Believe me. I've thought about these things hundreds of times. And all the "what ifs" you can muster. Want to know the truth? Part of me is afraid to have another. There. I said it. I'm afraid. I'm afraid of having a girl. (don't want one... at all!) I'm afraid of going through another miscarriage. I'm afraid of what it would do to us financially. I'm afraid of how a second child would take time from the first.

Fear aside. There is no one, right answer. You just have to weigh the good, the bad and the ugly and come up with the choice that fits best. Right now... for us... that is to have one child.

6 comments:

Nina said...

Kitkat,

I am an only child. An only child that grew up with lot's of friends. An only child that really never missed siblings. I never asked my parents for them. I am an only child that most probably is choosing to have an only child myself. I have several very close friends, that I love much more than many of my friends love their siblings.

I don't anybody for what they think, I just want you to know that I have always been a content only child.

I congratulate you on your decision to only one, but if there will be another one in the future, I will be equally happy for you. One never knows what happens....
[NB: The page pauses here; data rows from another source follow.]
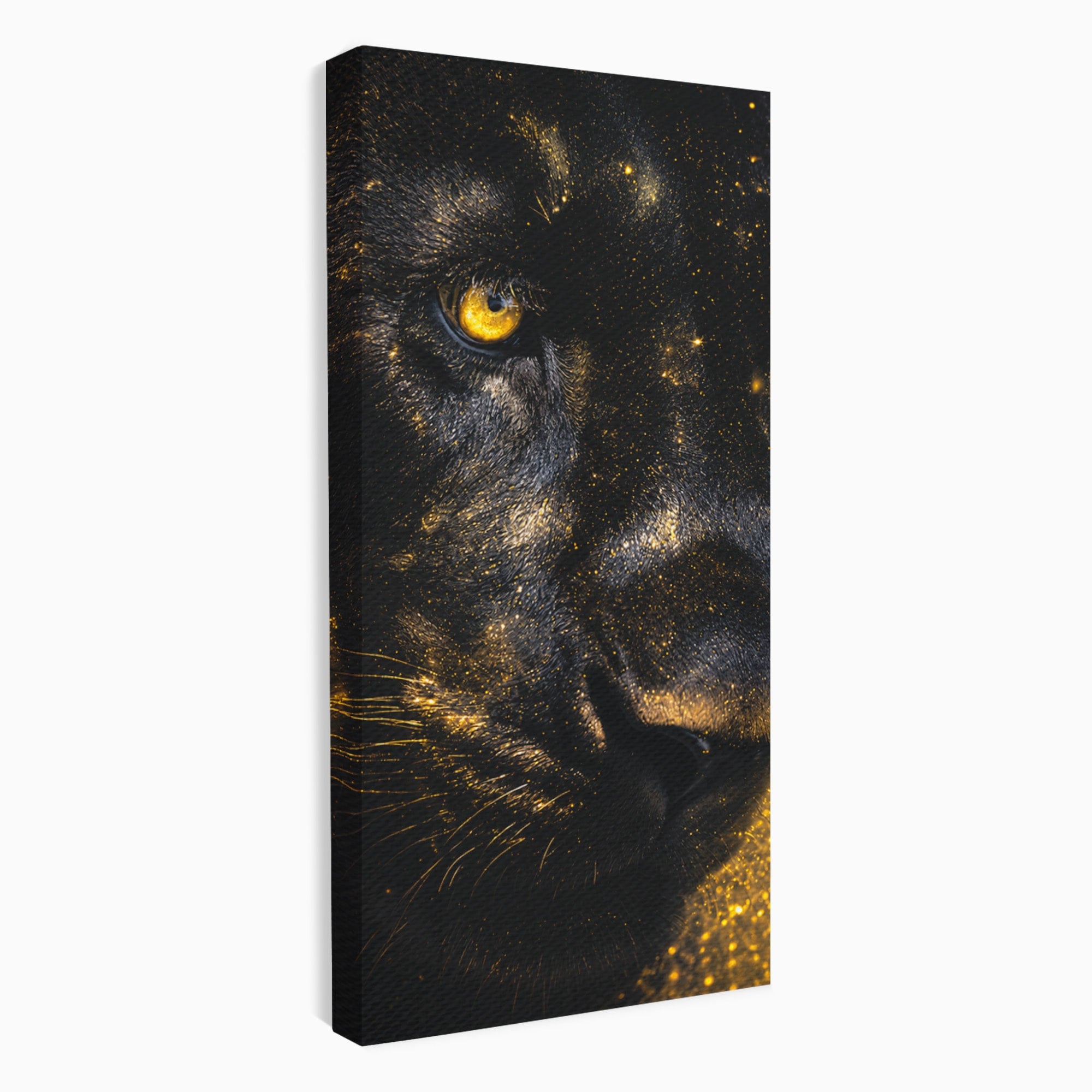 Tablou Canvas Premium LuxCanva® M1559, Pantera Aurie, Pantera, Animale, Mister, Eleganta, Dormitor, Living, Culori Vibrante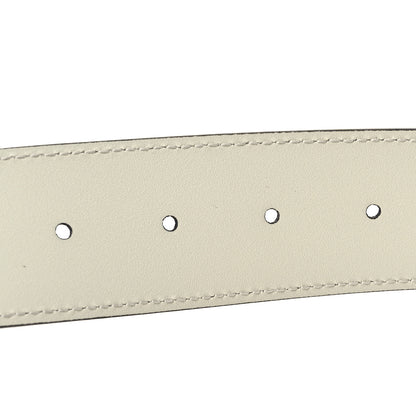 Gucci Calfskin Double G 40mm Belt 110 44 Mystic White 4 of 4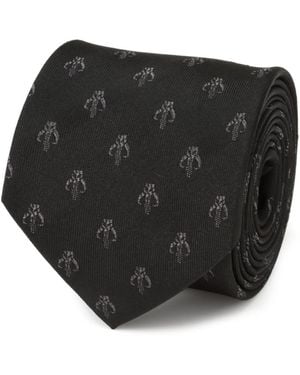 Star Wars Mandalorian Silk Tie - Black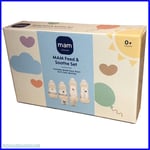 MAM Feed and Soothe Anti-Colic Newborn Baby Bottle & Soother Gift Set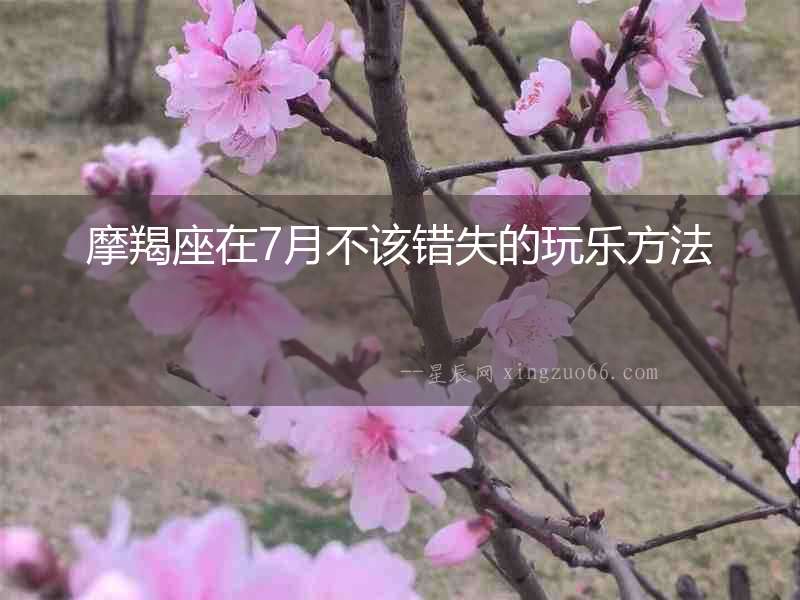 摩羯座在7月不該錯失的玩樂方法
The day my parents die (I hope that's still a long time until then), my husband and best friends will be next to my side, and of course my child. I won't be alone, I know that.

Rumour Miller said...

It's your decision, hon. You have to do what is right for you and your family... families come in all forms, shapes and sizes.

Melissa said...

Kat,
You know I heard all the same things for years! It was our decision to make and my decision was based on what I want, not everyone else. Look at after saying over and over I only want 1, I changed my mind. You may find one is just the right number for you. :-) If not, you will come to that, but for now I wouldn't even worry about it. Just enjoy the fact you have that adorable little guy to spend your time with. Whatever is meant to happen will.

Anonymous said...

Kat; I am an only child. But you know what...I turned out ok. You went through many things that alot of people do not know or understand...SO if you and DH decide only 1 then its only 1. There is NOTHING wrong with that. Do not let ANYONE make you feel guilty or that your child is going to suffer. He will not.
Dawnie

kristie said...

it is ur choice... never let any one tell you what it right or wrong for your family...right after i read your blog.. i read this one.. and wanted to share
http://suzeo99.blogspot.com/2007/06/june-16.html

Anonymous said...

I'm an only child. I never really thought about another sibling growing up and I wasn't incredibly lonely. I'm lonely now, but that's MY fault and has nothing to do w/ the fact that I'm an only child. Contrary to popular belief, only children do turn out normal! =)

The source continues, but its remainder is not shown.